Marine cities adopt plan to review restrictive housing policies – Marin Independent Journal


Cities in Marin County say they will work with a county program to educate residents about racial restrictive covenants that may exist in their homes’ deeds.

The board of supervisors in May passed a program to comply with federal and state requirements to affirm fair housing that would allow landlords to file deed amendments that exclude people of color. The agreements, which are now illegal, were largely created by the Federal Housing Administration and required developers to incorporate restrictive language prohibiting the sale of homes to people of color.

The county assessor’s office has identified more than 49,000 residences in Marin built before 1970 that may have ethnicity covenants in property deeds. Through the new program, residents can check real estate documents to see if there is discriminatory language, certify and assert that illegal and racially restrictive clauses are unconstitutional, and file a public statement protesting that language.

The county plans to create a website where residents who submit their deeds can share their personal stories and comments and will use the deeds submitted to create a map showing where the restrictive covenants exist in Marin.

San Rafael City Manager Jim Schutz said, “San Rafael enthusiastically supports the county’s efforts on this project to raise awareness and understand racial restrictive covenants throughout our history. “

Mayor Kate Colin said San Rafael lacks the capacity to initiate more local, city-level educational forums on housing policy, such as conventions and redlining.

“The county has the resources, both human and financial, that cities just don’t have,” said Colin, adding that she hopes discussions on pursuing greater equity in development, with county support, will continue. San Rafael, like other cities and towns, is focusing on new policies addressing racial justice and social equity, and will soon be performing a new internal fairness audit of the city’s systems and practices.

At Novato, Director of Community and Economic Development Vicki Parker said, “We don’t intend to collect oral histories as part of our housing component update, although we certainly hope that the stories of Novato residents will be captured across the county project. “

“We will be working on issues of segregation and equity during our update to ensure that we are aware of and actively address the structural or programmatic conditions that allow segregation or inequity to occur or occur. continue, ”said Parker, who said the city will work with a housing consultant later this summer.

In Mill Valley, “we’ve been very interested in this topic since June of last year,” said Mayor John McCauley.

“During a five-hour community meeting on racial equity issues, council raised the issue of restrictive covenants and asked staff to consider how we might partner with the county to educate our community about our history. discriminatory housing community and to go through the process of refuting less onerous alliances, ”he said.

Mill Valley has a diversity, equity and inclusion work plan, and in recent months, city staff have reached out to the county to offer assistance with the engagement program. , said city leaders.

“We recognize that government agencies have played a role in creating racial inequities, particularly around land use and housing,” said City Manager Alan Piombo, “Now is the time to have thoughtful conversations about our history and working together to find solutions that create equitable results.

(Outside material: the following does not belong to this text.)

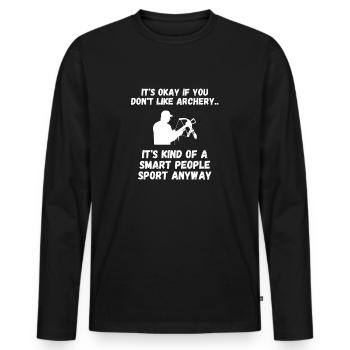 ce n’est pas grave si vous n’aimez pas Archery Smart People - T-shirt manches longues Premium bio Homme - noir - Devant - Nico (187cm)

The county also uses the program to educate people about the history of the “red line,” which drew boundaries to show where people of color were not allowed to live before the 1964 Civil Rights Act. At the May 25 meeting, several commentators said supervisors felt the move was not enough to lead to real action towards greater equity in housing.

Fair Housing Advocates of Northern California Executive Director Caroline Peattie said while supporting the project: “I will also say that for me, this is really a first step.

“I think it’s important that people understand and be made aware of the importance of this issue, that we need to do something substantial to improve housing equity,” which is much more difficult, said she declared.